Seven out of eight numbers I called took me to recordings. Those recordings were often difficult to follow and did not offer a route to retail advertising, which is what I was seeking. One website required me to register my email and fill out a form and then decode that weird letter thing that you can never read in order to learn about advertising opportunities. Talk about making it tough on the customer.

Most websites I visited did not surface a “How to Advertise” button. They hid this information deep in the bowels of the ship, as if ashamed of it. That frustrated me. Soon, I realized that if I am to find a live person willing to take my ad, I would need to conduct a website search, call the recording, wait for a call back or conduct some kind of online registration adventure that simply would take too much time for me to place ads in my eight markets in the eight hours I had to do it.

In one case, I asked the rep to tell me the circulation of the newspaper. He did not know it. In every case, the rep asked me for my budget, to which I asked for the rate per impression or by the column inch. I never got call backs from some of these reps, and the contact information too often contained the sales marketing executive or some vice president but none of the real sales force who can take a call and get your ad in. One had a sideways PDF of its rate card, but I did not understand the connection between the print and digital products.

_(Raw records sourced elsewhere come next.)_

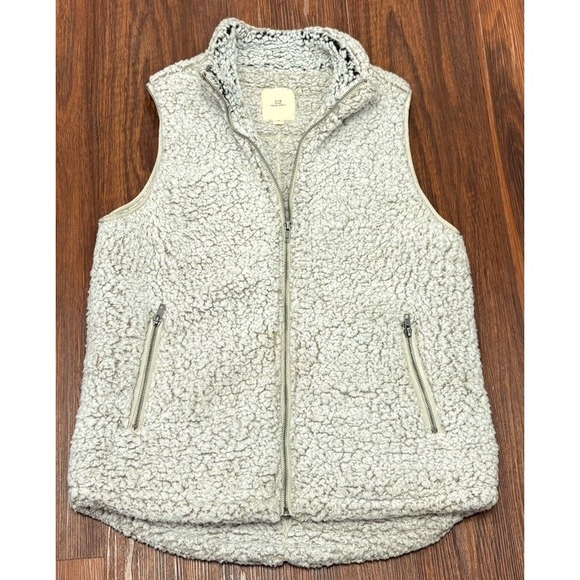 Thread & Supply Jackets & Blazers - Thread & Supply Sherpa Vest Women's Medium Ivory White Gray Soft Cozy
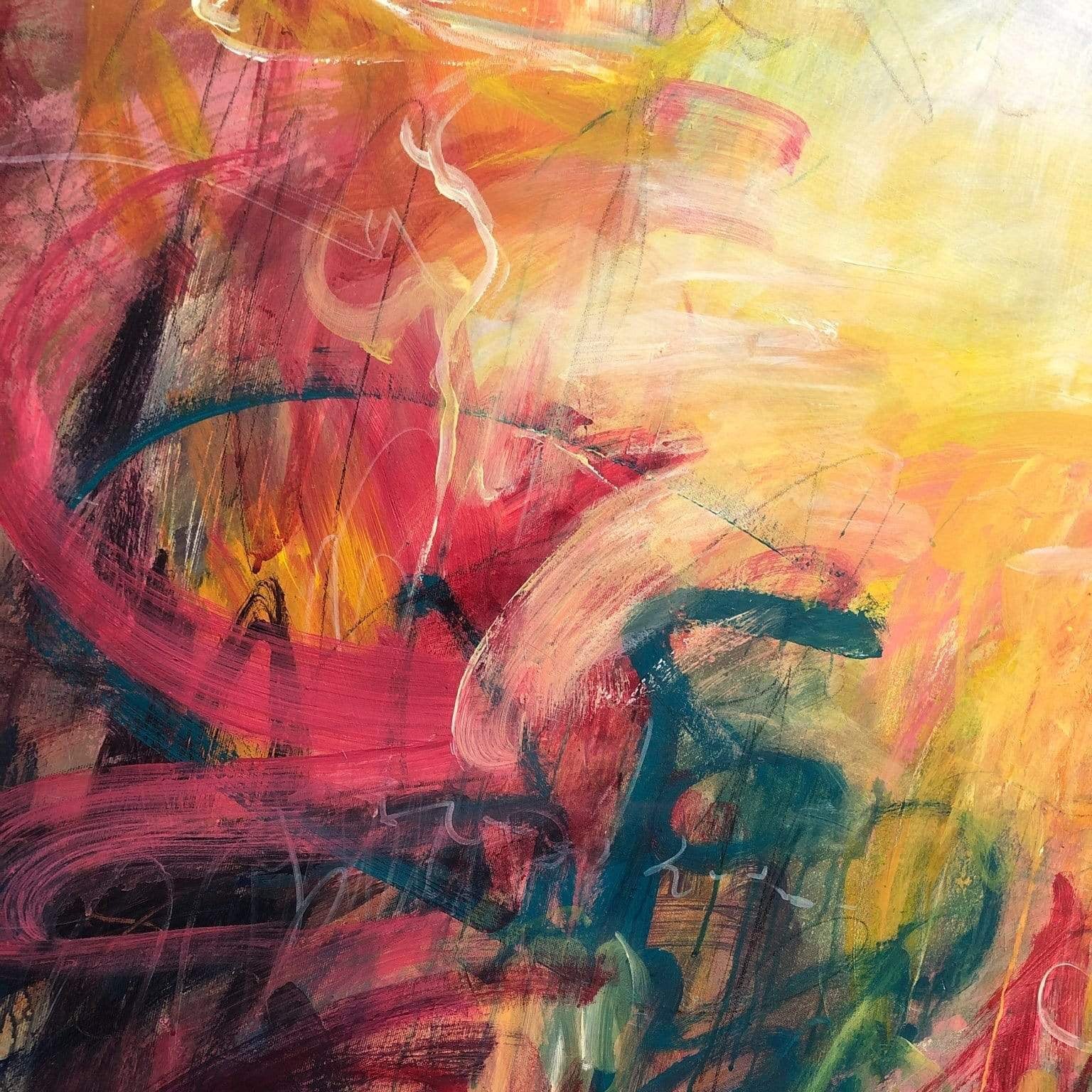 Explosion of colors abstract art STRAWBERRY FIELDS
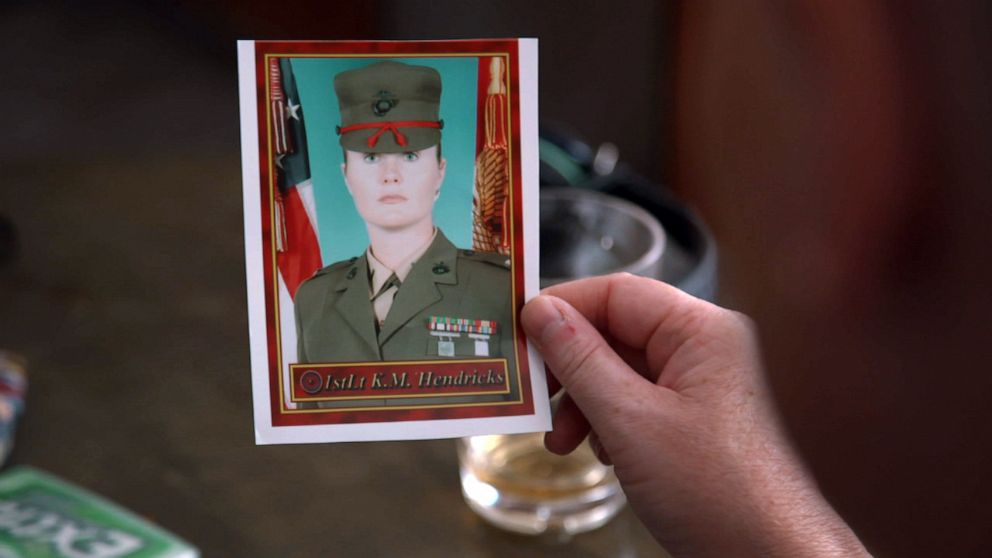 PHOTO: Kate Hendricks Thomas shows ABC News a photo of herself taken while she was serving in the Marines.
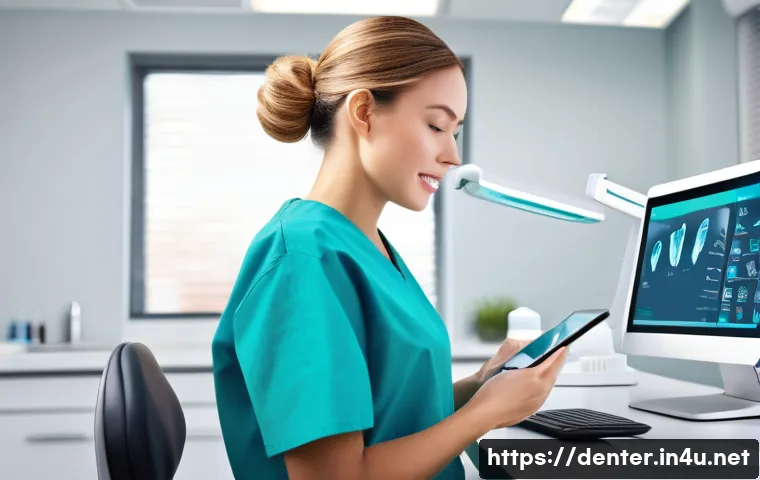 치과위생사 병원 인증 프로그램 - A professional female dental hygienist, in her late 20s to early 30s, is intently studying on a tabl...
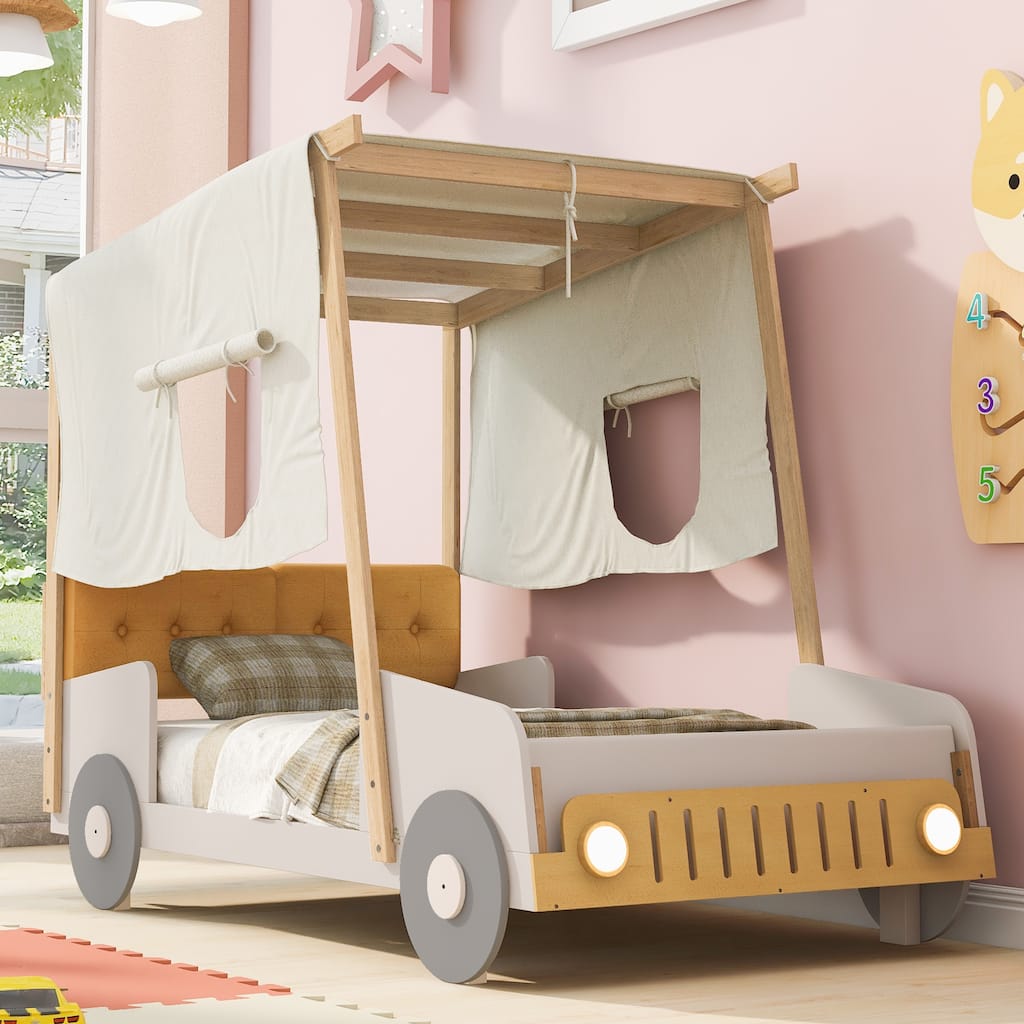 Roomfitters Size Car Canopy Bed, Wood Frame Platform with Upholstered Headboard, Tent Roof Design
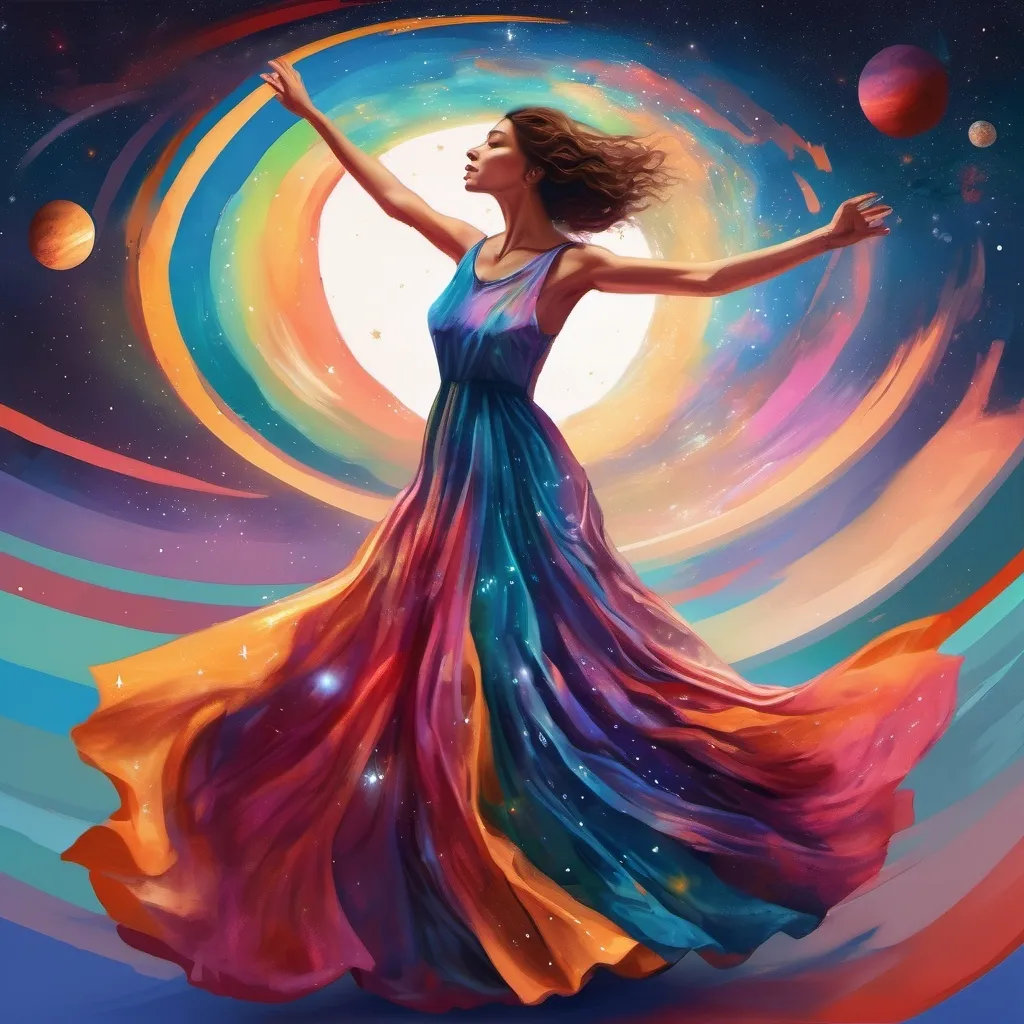 Prompt: a woman in a long dress is dancing in the space with a colorful dress on her body and a colorful background, Daphne McClure, space art, highly detailed digital painting, an ultrafine detailed painting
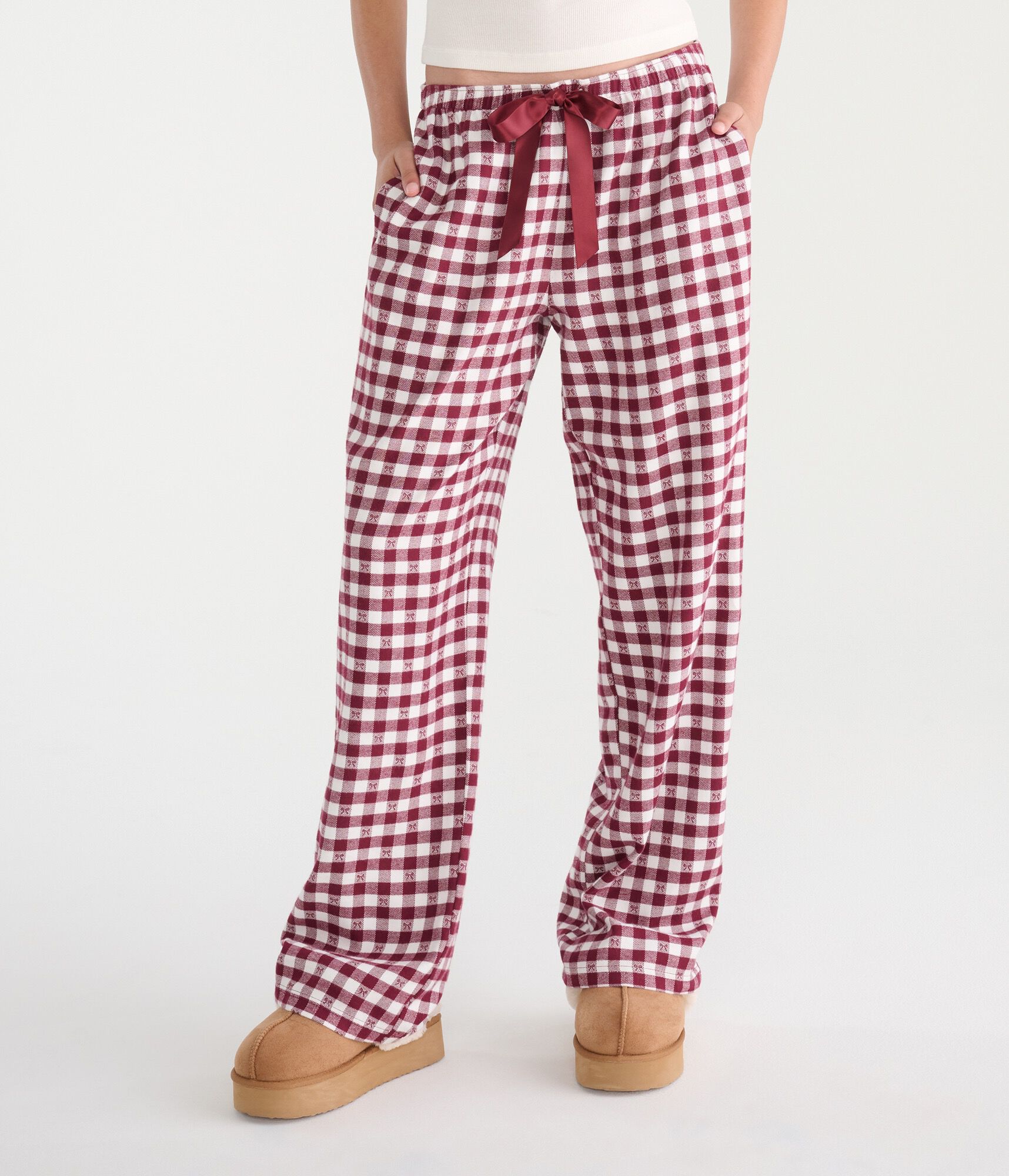 Bow Check Flannel Sleep Pants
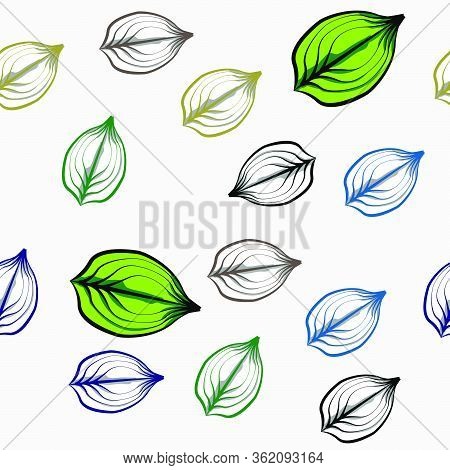 Colorful Leaf Shells Seamless Repeat With White Background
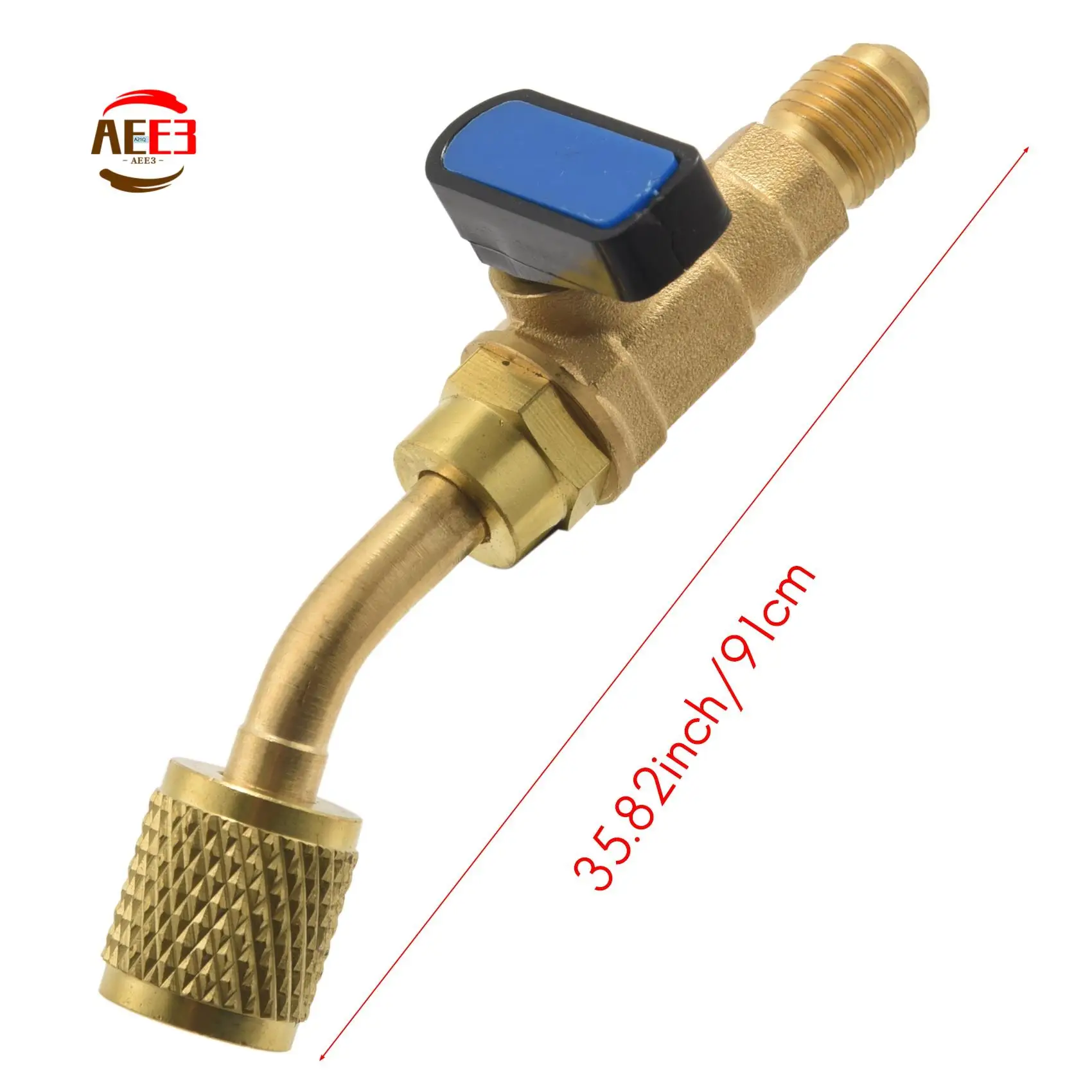 AEE3-Angled Compact Ball Valve 1/4 Inch SAE, Air Conditioning Refrigerant R410A R134A Shut Valve,3PCS R410A R134A Shut Valves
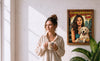 Woman at home holding a custom photo mug beside a personalized comic style pet poster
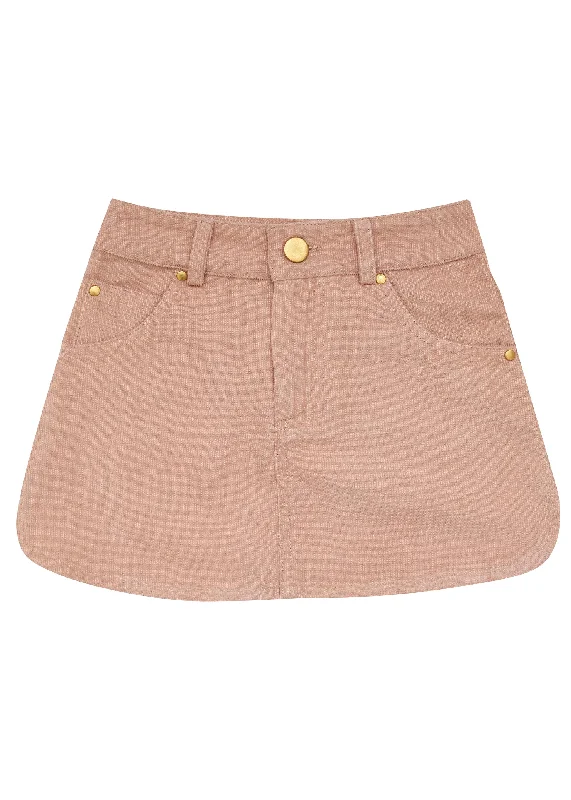 Enid Skirt-Chai ribbed skirt waist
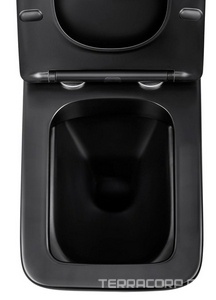 Унитаз подвесной, безободковый, 520х360х350мм, сиденье ультратонкое с микролифтом, крепеж в компл., (цв.антрацит матовый),  ZZ Vincea Q-Line VT1-12MA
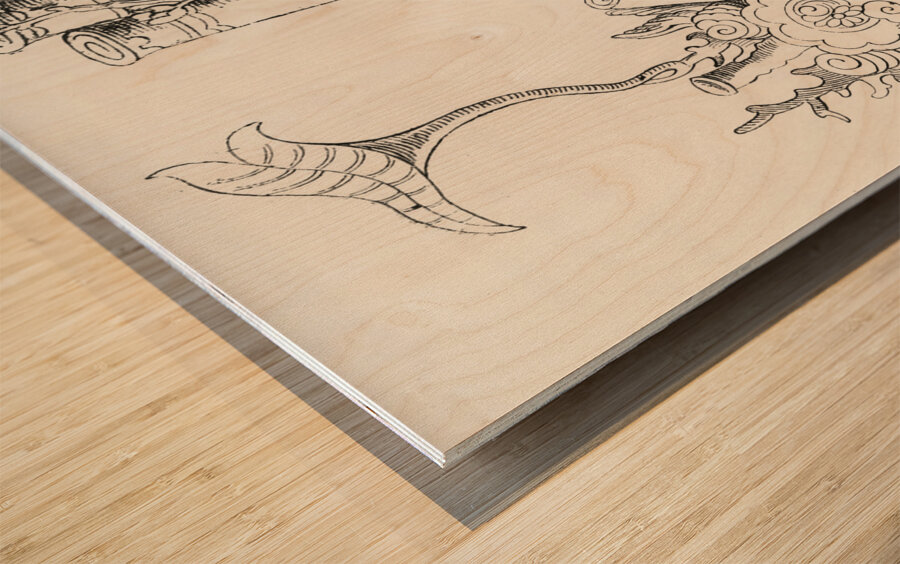 Chinese decorative elements. 1888 edition Lornement Polychrome by Albert Racine 1825–1893. Wood print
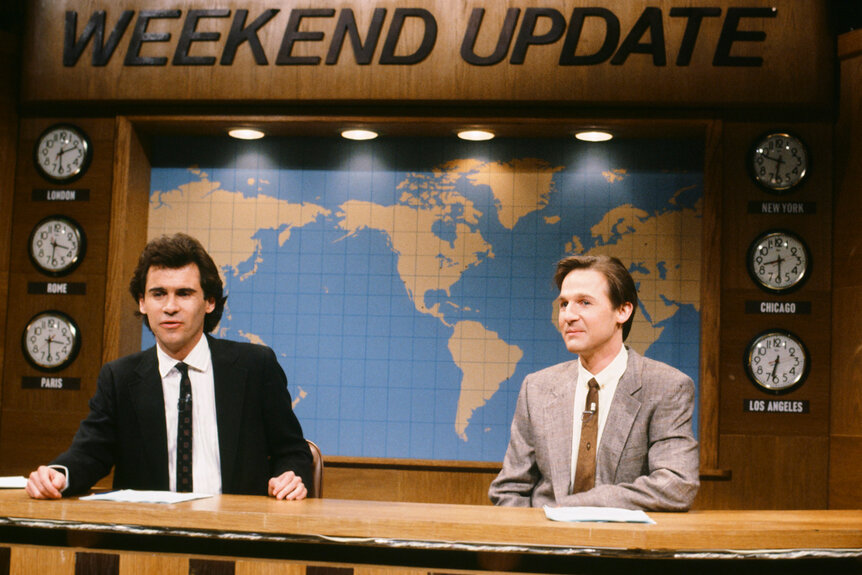 A. Whitney Brown and Dennis Miller during a sketch on Saturday Night Live Season 11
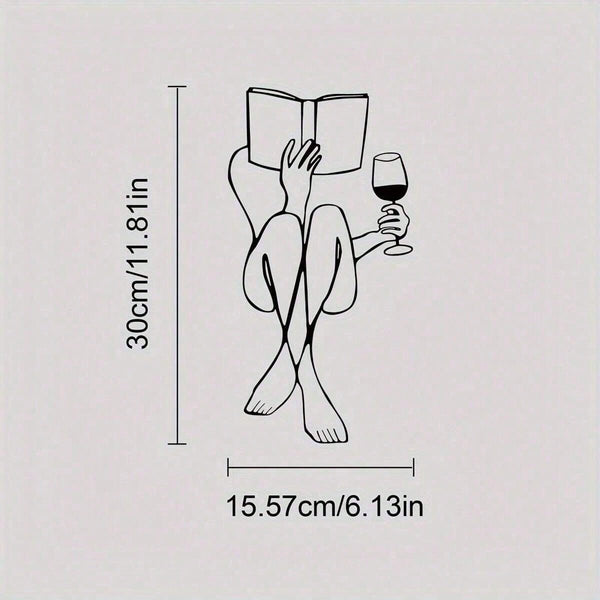 Women's Wine Tasting & Reading Metal Wall Decor, Books And Wine, Minimalist Line Art, Home Wall Decoration, Metal Wall Art, Interior Design, Canvas, Poster, Birthday & Graduation Gift, Room Decor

It was obvious from this exercise that much needs to be done to wed print and digital advertising opportunities. I would have loved a print-web package, as we have discussed before – the Omaha Steaks approach (by the way, Omaha was one market where I could not figure out how to place an ad).

Websites need to be very clear about advertising. Click here to advertise. There is no shame in this. Contact information. Make it clear. And if you give me a phone number, make sure someone is on the other end to answer, in person. I know that makes me sound like Andy Rooney, but it’s true. I often saw, when I did find the advertising contact page, titles I did not understand, leaving me unsure who to contact. Some called them advertising, and some called them marketing contacts, sometimes on the same site, different people for print and online. More often than not, I was left confused and frustrated to not have a really super-intuitive, easy way to buy advertising online. In a word, each site’s disposition in this area was “clunky.”

My point is that it makes sense for The American Legion Magazine and Web products and, from my day’s experience, many others, to really develop crystal clear landing pages for advertising placements, include phone numbers to real people and not rely on some over-engineered web platform to do what salespeople do. Just some thoughts.

As I finish this ordeal, I realize I come away not having spent all of my budget.  Good for me. Bad for the media companies who didn’t make it easy for me to do business with them.

Update: In order to complete our contract with one newspaper/website, credit reference paperwork, we were given two fax numbers, neither of which worked. (No fax number was provided in the rep’s contact info.) The first fax attempt went to a message machine. The second one, which they sent as a better alternative, was disconnected.  My assistant ultimately scanned the paperwork and e-mailed it. We await response.